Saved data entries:
= = = =

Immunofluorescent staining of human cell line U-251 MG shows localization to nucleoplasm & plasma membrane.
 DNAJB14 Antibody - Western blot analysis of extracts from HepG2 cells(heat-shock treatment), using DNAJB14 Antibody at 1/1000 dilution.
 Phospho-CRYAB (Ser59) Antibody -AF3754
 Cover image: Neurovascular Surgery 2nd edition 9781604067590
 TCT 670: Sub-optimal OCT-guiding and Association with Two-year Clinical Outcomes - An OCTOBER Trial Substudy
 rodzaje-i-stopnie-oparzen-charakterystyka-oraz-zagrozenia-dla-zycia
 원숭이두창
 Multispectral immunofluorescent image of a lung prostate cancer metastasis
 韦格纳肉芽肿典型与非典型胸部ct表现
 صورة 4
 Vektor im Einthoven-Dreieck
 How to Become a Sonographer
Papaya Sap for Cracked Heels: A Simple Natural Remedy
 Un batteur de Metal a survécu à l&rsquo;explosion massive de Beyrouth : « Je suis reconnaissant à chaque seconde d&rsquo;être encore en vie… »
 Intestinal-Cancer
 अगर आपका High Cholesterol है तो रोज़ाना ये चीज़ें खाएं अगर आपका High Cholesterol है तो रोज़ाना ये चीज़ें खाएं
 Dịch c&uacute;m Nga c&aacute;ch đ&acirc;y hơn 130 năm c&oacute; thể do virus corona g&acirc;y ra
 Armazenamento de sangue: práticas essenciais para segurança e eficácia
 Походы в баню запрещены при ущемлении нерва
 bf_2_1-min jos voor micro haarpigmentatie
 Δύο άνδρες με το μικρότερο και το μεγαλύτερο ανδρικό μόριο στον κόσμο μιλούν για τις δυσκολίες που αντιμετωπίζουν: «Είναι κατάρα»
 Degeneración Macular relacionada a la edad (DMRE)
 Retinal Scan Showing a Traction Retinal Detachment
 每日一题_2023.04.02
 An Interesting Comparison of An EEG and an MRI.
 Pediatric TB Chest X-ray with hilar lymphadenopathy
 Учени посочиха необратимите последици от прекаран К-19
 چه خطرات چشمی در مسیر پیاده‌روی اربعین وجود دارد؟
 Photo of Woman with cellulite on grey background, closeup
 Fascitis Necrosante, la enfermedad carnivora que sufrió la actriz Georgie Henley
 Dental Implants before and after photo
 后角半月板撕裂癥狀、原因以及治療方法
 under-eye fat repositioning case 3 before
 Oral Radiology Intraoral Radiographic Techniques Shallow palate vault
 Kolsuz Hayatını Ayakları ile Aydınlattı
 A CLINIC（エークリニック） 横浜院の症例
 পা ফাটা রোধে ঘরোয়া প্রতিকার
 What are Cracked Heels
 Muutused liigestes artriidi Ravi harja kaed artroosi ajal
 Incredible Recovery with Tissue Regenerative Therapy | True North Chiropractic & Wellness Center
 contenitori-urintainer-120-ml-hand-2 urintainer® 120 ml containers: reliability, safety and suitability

= = = =

◆ **Instructions for the task**: Your answer should consist solely of the lines above from the line with "Degeneración Macular relacionada" to the line with "Oral Radiology Intraoral", both included, reproduced exactly.

◆ **Written response**:
 Degeneración Macular relacionada a la edad (DMRE)
 Retinal Scan Showing a Traction Retinal Detachment
 每日一题_2023.04.02
 An Interesting Comparison of An EEG and an MRI.
 Pediatric TB Chest X-ray with hilar lymphadenopathy
 Учени посочиха необратимите последици от прекаран К-19
 چه خطرات چشمی در مسیر پیاده‌روی اربعین وجود دارد؟
 Photo of Woman with cellulite on grey background, closeup
 Fascitis Necrosante, la enfermedad carnivora que sufrió la actriz Georgie Henley
 Dental Implants before and after photo
 后角半月板撕裂癥狀、原因以及治療方法
 under-eye fat repositioning case 3 before
 Oral Radiology Intraoral Radiographic Techniques Shallow palate vault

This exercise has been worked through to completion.